Over the weekend, suspected Boko Haram fighters attacked several villages in northeastern Nigeria, killing dozens of civilians and torching churches and homes.
The attacks took place in villages near Chibok, a predominantly Christian enclave in Borno state from which Boko Haram kidnapped over two hundred school girls in April.
The villages attacked included Kautikari, Kwada, Ngurojina, and Karagau. According to a witness in Kautikari, the insurgents stayed in the village for at least four hours while setting homes and buildings on fire.
During the attacks, the gunmen reportedly rode through the villages on motorcycles throwing explosives at targets. In Kwada, the insurgents burned the entire village, including five churches. The gunmen entered the churches, opened fire on Sunday worshipers, and then set the churches ablaze.
A Nigerian military plane was reportedly deployed five hours after the attacks commenced; at which time, the “gunmen sneaked into the bush.”

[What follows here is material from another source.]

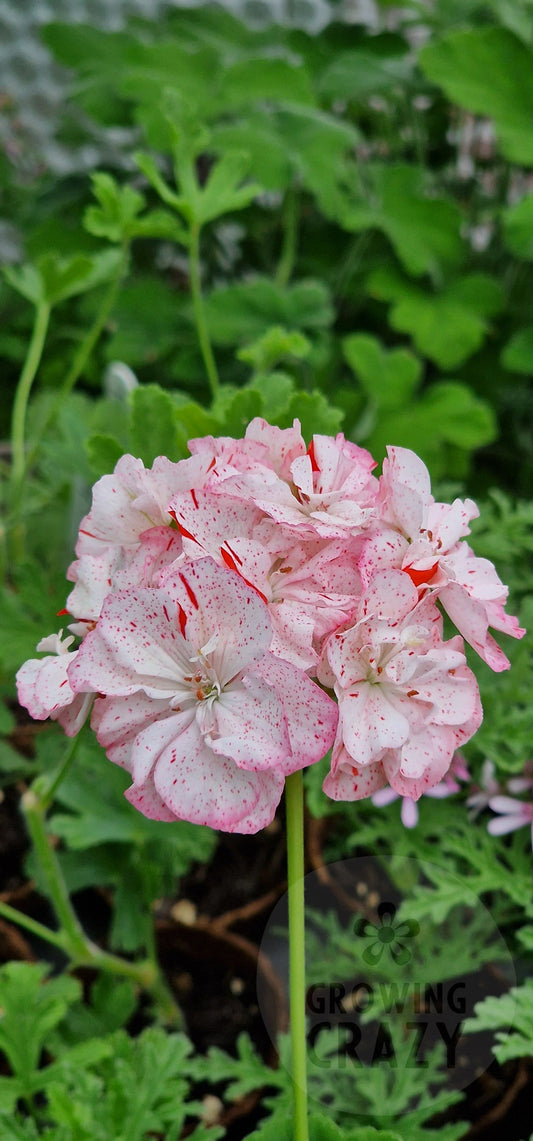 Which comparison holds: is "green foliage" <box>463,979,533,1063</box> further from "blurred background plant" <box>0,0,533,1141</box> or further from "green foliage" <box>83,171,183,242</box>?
Answer: "green foliage" <box>83,171,183,242</box>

Boko Haram, whose name means “Western education is forbidden,” has launched a series of attacks across the country seeking to establish an Islamic state in Nigeria. The group’s brazen spate of recent attacks illustrates that it can operate openly and with relative impunity. The group is suspected of attacking a shopping center in Abuja and hitting a medical college in Kano last week after it attacked several villages in Borno state the previous weekend.
This past Sunday’s attacks are not the first time the group has targeted Christians or churches. In 2012, a spokesman for the group promised that Boko Haram would “eradicate Christians from certain parts of the country” while fighting to establish “a proper Islamic state.” The statement came on the heels of a Boko Haram suicide car bombing outside a church in Jos in February 2012.
On June 26, the United Nations Security Council’s al Qaeda Sanctions Committee added Boko Haram leader Abubakar Shekau to its list of recognized terrorists, subjecting Shekau to financial sanctions and an arms embargo. The UN also added the Nigerian terrorist group Ansaru to its list of terrorist organizations, noting that it is associated with al Qaeda in the Islamic Maghreb and Boko Haram, as well as with Shekau himself.